Tea at the Erawan Hotel

Over the Songkran holidays in the middle of April, we were treated to the visit of several friends, many of whom I first met through Xanga. One afternoon, some of us gathered for tea in the lobby of the Erawan Hotel. Afternoon tea is one of those treats I enjoy because it is relaxing and provides a sense of sophistication. In fact, in the afternoons during fifth and sixth grade, I would go to my friend David’s house after school. His mother always served milk tea and freshly baked croissant, which I think ignited my appreciation for afternoon tea.

The Erawan, a Grand Hyatt hotel, is conveniently located in the center of Bangkok and its tea service is surprisingly affordable.
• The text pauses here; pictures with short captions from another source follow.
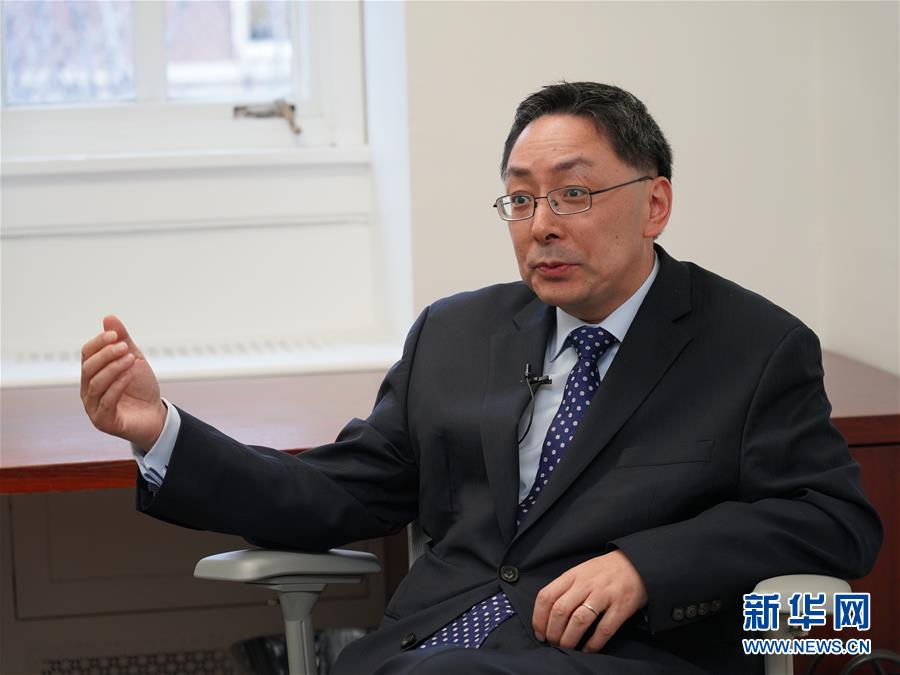 (國際·圖文互動)專訪:抗擊新冠肺炎亟需加強國際協(xié)調(diào)與合作——訪美國外交關(guān)系委員會全球衛(wèi)生專家黃嚴忠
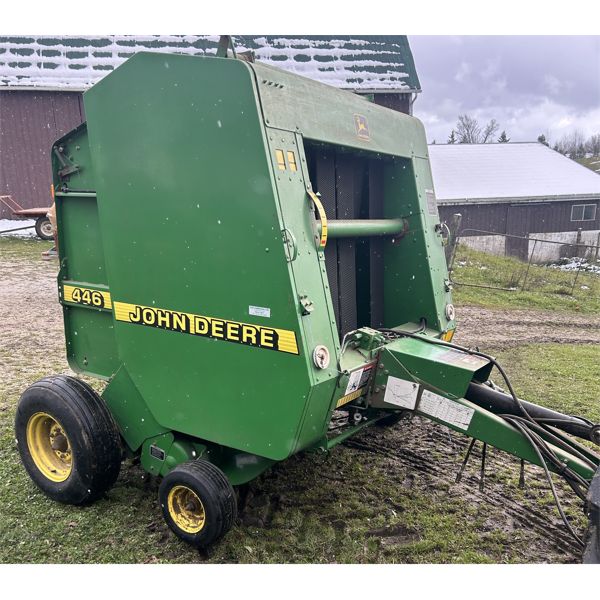 JOHN DEERE MODEL 446 ROUND BALER 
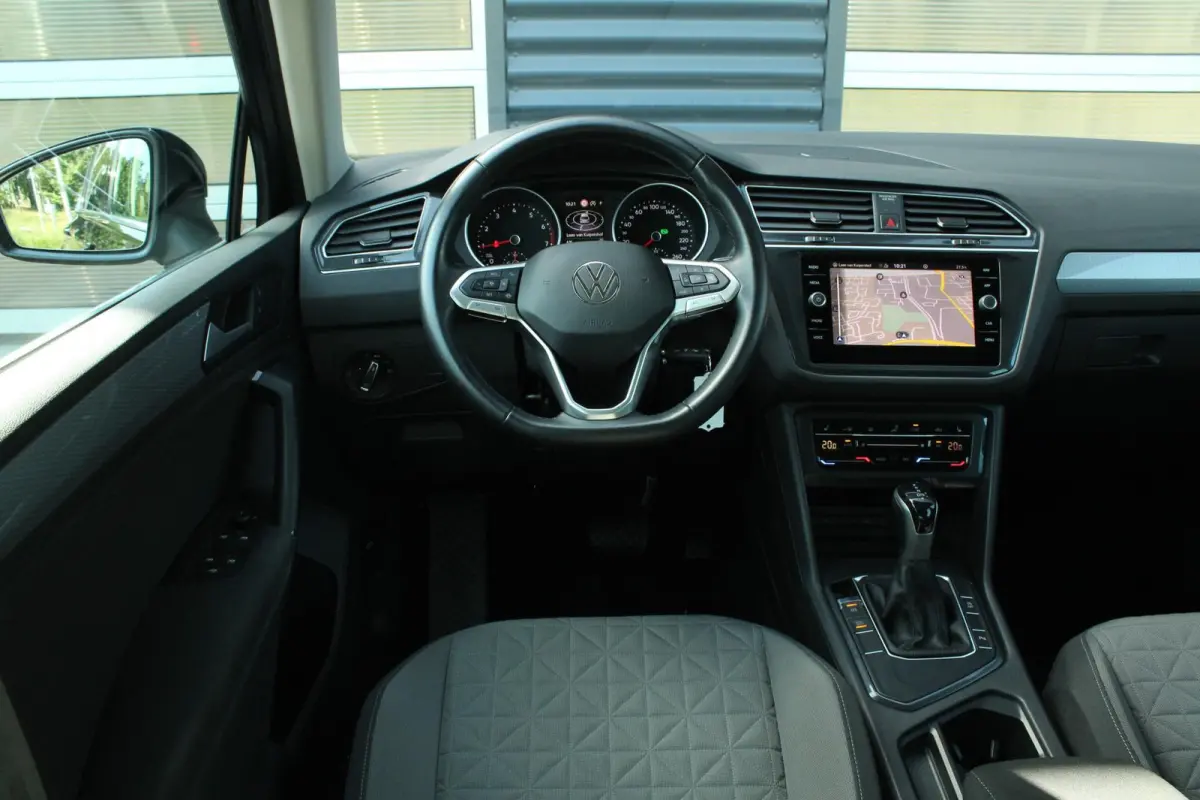 1.5 TSI 150pk DSG Life Business | Trekhaak Wegklapbaar | Navigatie | Apple Carplay & Android Auto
About 450 Bt (US$15) gets you a large pot of tea and a tall tray of snacks, more than enough for two people to share. A string trio plays in the corner of the lobby, the service is attentive in keeping with Thai custom, and there is no rush. You can spend an hour or two just feeling pampered and very refined.

In researching this entry, I learned that I have been incorrectly using the term “high tea”. This type of afternoon loose leaf tea with cakes and small sandwiches is actually “low tea”. “High tea” refers to a more complete meal that is served in the early evening. Thanks, Wikipedia

 

New Year’s Day Tea Party

On New Year’s Day, Tawn’s university friends gathered for what I hope will be an annual tradition: New Year’s Tea. Our host, Bim, prepared scones and a variety of snacks. I prepared the tea sandwiches. Everyone had a good time.

Bim’s scones. This was her first time making them and she experimented with a few different sizes. The larger ones were more delicate although the small ones were tasty, too.

My two types of tea sandwiches. Finding bread that was soft but would hold up to the cutting was a challenge. The bread on the left is also made with black glutinous rice, which explains the small specks.

Making the spreads. On the left, a watercress compound butter. On the right, a green olive and parsley tapenade.

Partially made sandwiches. On the left, the watercress butter is covered with cucumber slices. On the right, the olive and parsley tapenade is covered with provolone cheese. Round cheese does not work so well on square bread.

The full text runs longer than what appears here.